Мириманов посмеивался своими умными глазами.
– Скоро все так переменится, что вы даже не ожидаете. – Он помолчал. – Ленин уже два месяца ведет тайные переговоры с великим князем Борисом Владимировичем. Будет инсценирован государственный переворот. Идейные вожаки большевизма заблаговременно исчезнут, а всех скомпрометированных прохвостов оставят на расправу, чтобы окружить большевизм мученическим ореолом и уйти с честью. Ленин, Троцкий и другие получают пожизненную пенсию по пятьдесят тысяч рублей золотом и обязуются уехать в Америку.
– Дай-то бог! – вздохнула Агапова. – Там с ними уж легче будет управиться.
Борис, племянник Мириманова, шушукался с Асей.

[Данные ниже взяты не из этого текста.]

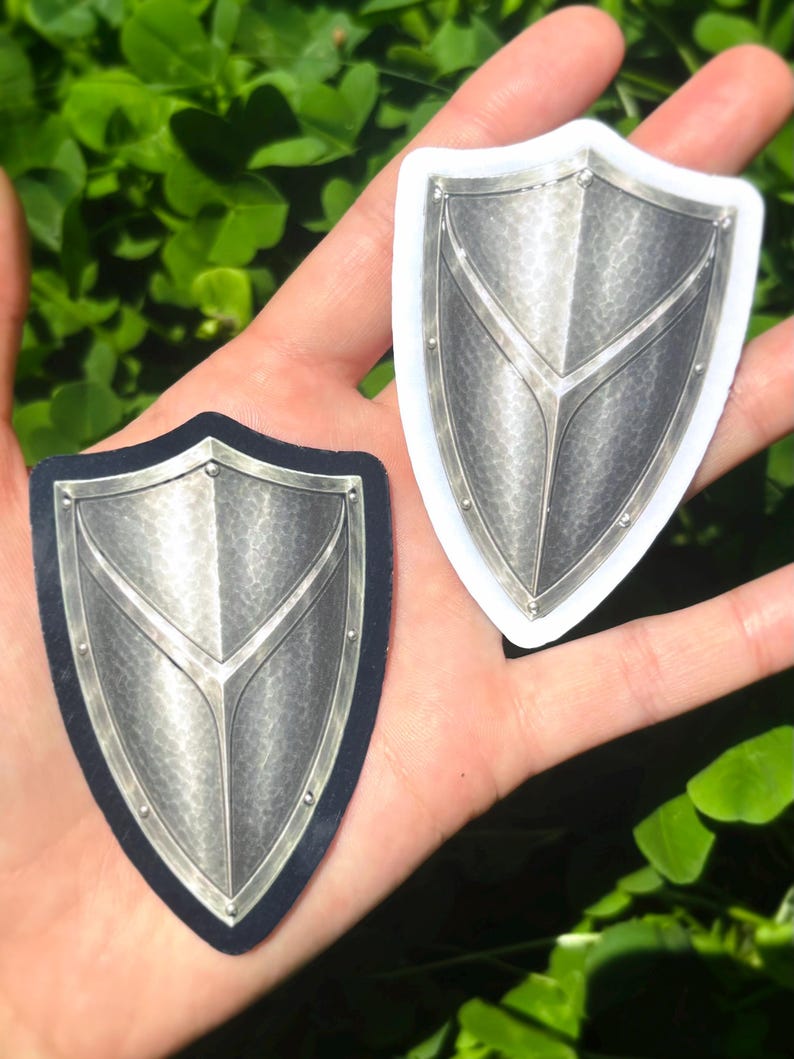 K&ouml;nnte beinhalten: Zwei schildf&ouml;rmige Aufkleber mit metallisch-silbernem Finish. Einer befindet sich auf schwarzem Hintergrund, der andere hat einen wei&szlig;en Rand. Beide haben eine strukturierte Oberfl&auml;che und ein zentrales Designelement.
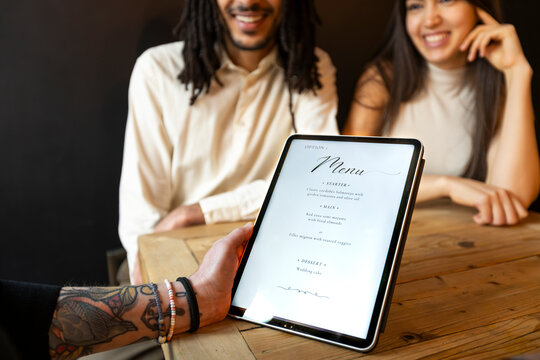 Wedding planner showing menu options to couple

Лицо у него было бледное, а глаза томные и странно-красивые. Барышни Агаповы сверкали тем особенным оживлением, какое бывает у девушек только в присутствии молодых мужчин. Они изящно были одеты, и красивые девические шеи белели в вырезах платьев. Глаза их, когда случайно останавливались на Кате, вдруг гасли и становились тайно-скучающими и маловидящими.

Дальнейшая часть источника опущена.